Europe has been influenced by Islam ever since the Moors first conquered al-Andalus in what is now Spain and Portugal in the early 8th century.
While Spain came under Muslim rule for more than 700 years, historians report that Islam also reached other parts of Europe under its own steam, from Russia to Italy.
Sicily, some southern Italian islands, Constantinople (now Istanbul), the Balkans, the southern parts of France, the Russian Caucusus, Switzerland and parts of Romania experienced some sort of Muslim settlement when Islam was still in its infancy.
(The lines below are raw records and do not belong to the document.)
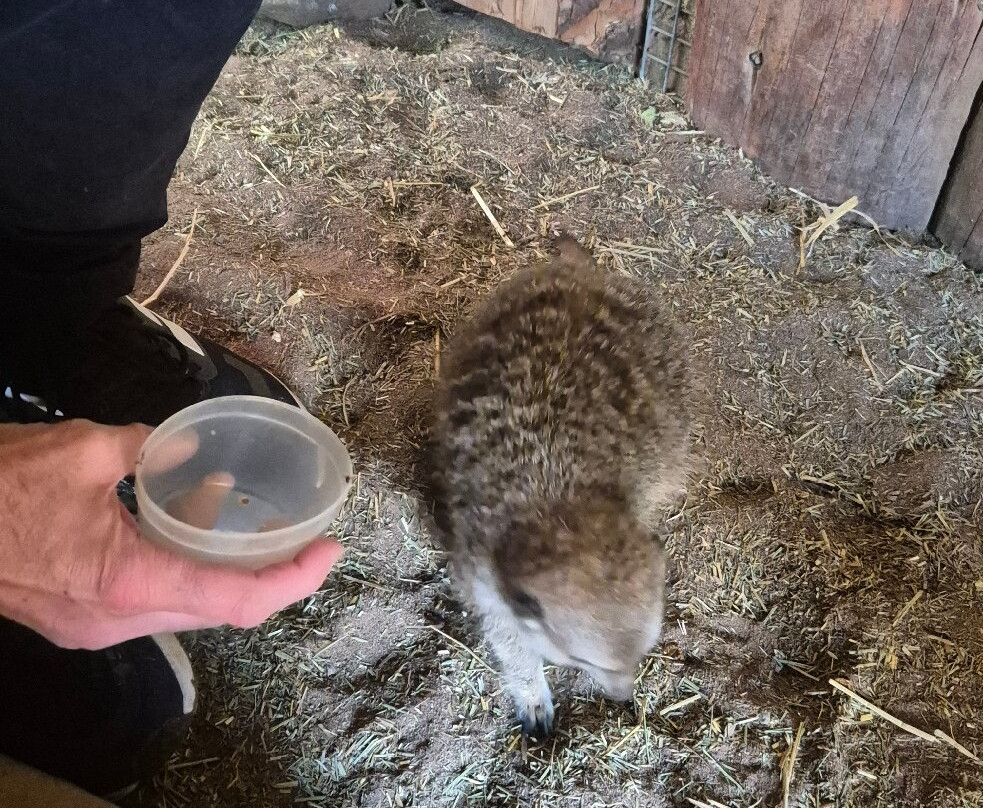 Fife Zoo-库珀必去景点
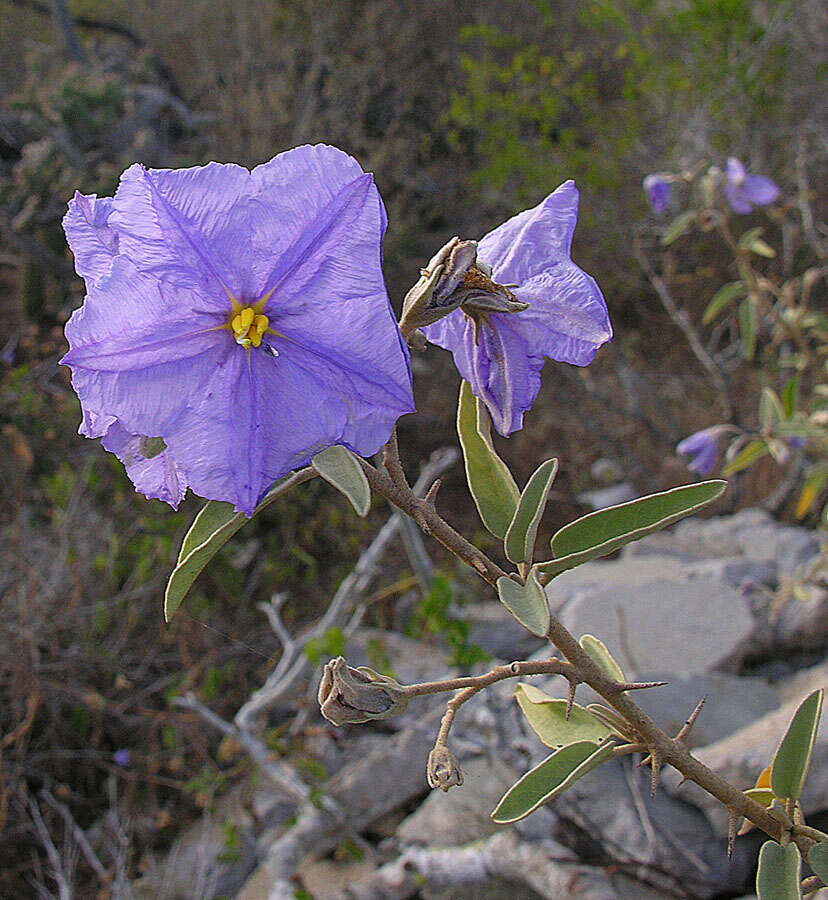 Image of Hinds' nightshade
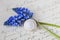 Blue Muscari Flower Still Life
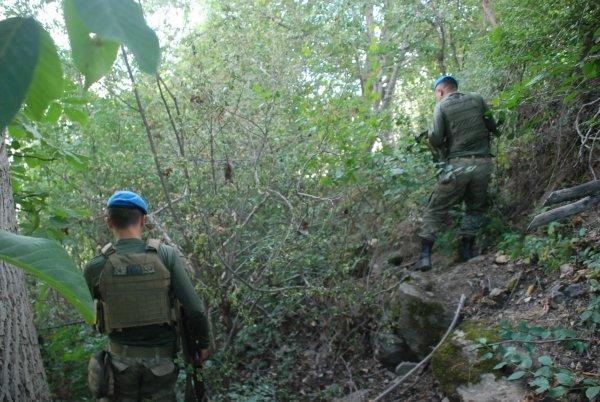 Türkiye Evrim'i arıyor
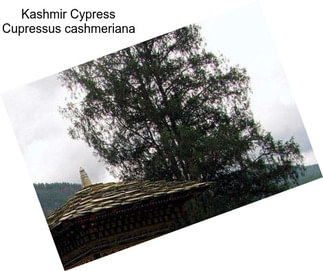Kashmir Cypress Cupressus cashmeriana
In the modern era, the Muslim-dominated European countries are Albania, Kosovo and Turkey as well as the former Soviet states of Azerbaijan, Kazakhstan, Uzbekistan, Tajikistan and Kyrgyzstan.
Muslims in Bosnia comprise the largest single faction, though they are outnumbered by Roman Catholics and Serbian Orthodox followers put together.
Muslims with deep roots in Europe also make up significant minority populations in countries such as Russia, Bulgaria and Macedonia while mostly immigrant Muslims can be found in large numbers in Austria, Belgium, Germany, Netherlands, Sweden, Switzerland and the United Kingdom.
The number of Muslims throughout Europe is estimated to be about 115 million, with Turkey’s 67 million, France’s 6 million and Germany’s 4 million accounting for most of them.
While Muslims have tried to integrate into society in countries in which they are a minority, they have faced problems given the mistrust many Europeans harbor toward Islam.
Recent frictions, fueled by the perception of Muslims are terrorists have not helped. In France, the government has banned women from wearing hijab to schools (in addition to symbols of faith from other religions), Denmark had to deal the reaction of Muslims to newspapers cartoons depicting Prophet Muhammad (may Allah’s peace and blessings be upon him) as a terrorist while xenophobic abuse is not unusual in many European countries.